Fortunately enough, we have a description: He’s a dog in a suit. I’m thinking she might want to bring in McGruff as a consultant.
So rest easy, world: A dog in a suit is using a remote control to cause evil in the world, but as soon as Caroline grows up, he’s nailed.
I’m thinking of trying to turn this into a kid’s book.
PAD





Of course! Its all so simple! (what size dog suit does Cheney wear, anyway? ^_^).
It would make an excellent kids book.
I love the two locations. The first one is personal, while the second one is vague but strangely plausible.
I’d love to see this as a children’s book.
That’s just awesome. I love the innocence of the idea, too — that no one would actually CHOOSE to do evil stuff.
I hope she manages it!
Clearly the man in the dog suit is the Beast of prophecy. And I can’t help but notice that the entry id for this is 006666.html. Hmmmm….
You realise that the evil remote useing dog-outfit wearing genius expects that reaction. just smile at her and all that. That is how he wins. we have to gather all and stop this fiend. only through our lack of detection will he succeed, stop smiling and thinking your indulging her imagination and gather the troops so we can stop this evil
You guys are confusing an important aspect here.
It is not ‘A Man in a Dog Suit’, it’s a ‘Dog in a Suit’.
You wouldn’t be a great help to Detective Caroline!!!
Actually, I think that’d be a kick-ášš X-Factor arc. Just alot of them standing around going, “What the hëll is going on?” as it gets stranger and stranger.
Who’s making this dog in a suit do bad things?
This is why children write the best stories. They have total suspension of unbelief. This is also why I wanted to teach.

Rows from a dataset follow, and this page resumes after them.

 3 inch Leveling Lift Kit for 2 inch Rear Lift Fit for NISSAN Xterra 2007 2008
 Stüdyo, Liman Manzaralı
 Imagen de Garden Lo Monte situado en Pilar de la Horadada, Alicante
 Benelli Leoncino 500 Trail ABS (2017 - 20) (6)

Go Caroline! Find the dog who’s making people do evil things with his remote control!
As middle school teacher sometimes I fear that kids have no imagination left, this gives me hope. But what if she’s right! In any case i have to disagree with an earlier post,don’t do this in X-Factor,it would give marvel control. Also don’t make it into a children’s story(I hate that term), let this be special to Caroline.

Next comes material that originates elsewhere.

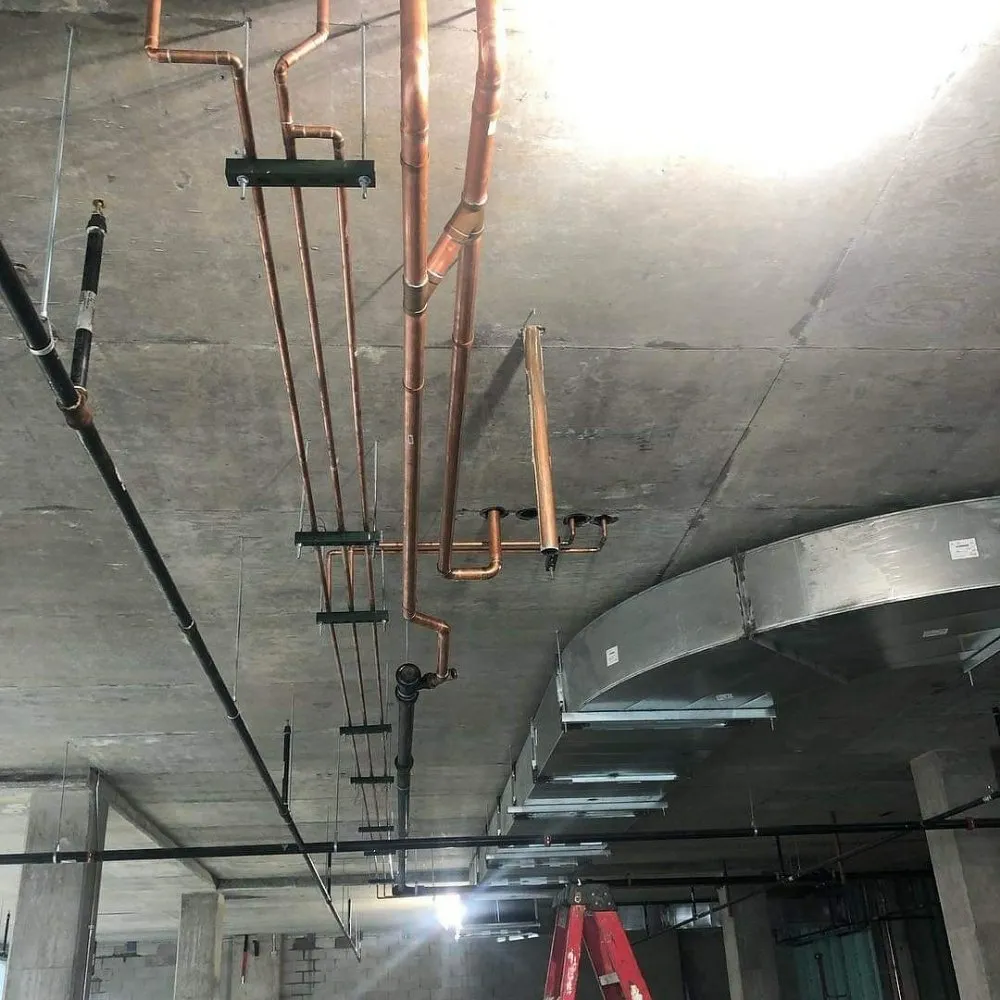 Reliable emergency plumbing in Chicago, IL by 606 Northside Plumbing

As middle school teacher sometimes I fear that kids have no imagination left, this gives me hope. But what if she’s right! In any case i have to disagree with an earlier post,don’t do this in X-Factor,it would give marvel control. Also don’t make it into a children’s story(I hate that term), let this be special to Caroline.
That is awesome! What a great imagination!
Cool….this would be a great little kids book to read…err buy for my niece.
I think there are more questions you might ask her, including but not limited to:
–What are the evil things the remote control makes people do? (i.e., how much evil in the world is from the dog in a suit with the remote control, and how much is just that some people aren’t always nice? Where is the threshold for true evil?)
–Just what kind of suit is the dog wearing? Are we looking for a chocolate Lab in a tasteful pinstripe 3-piece, or does the suit make the dog look like Frank Langella?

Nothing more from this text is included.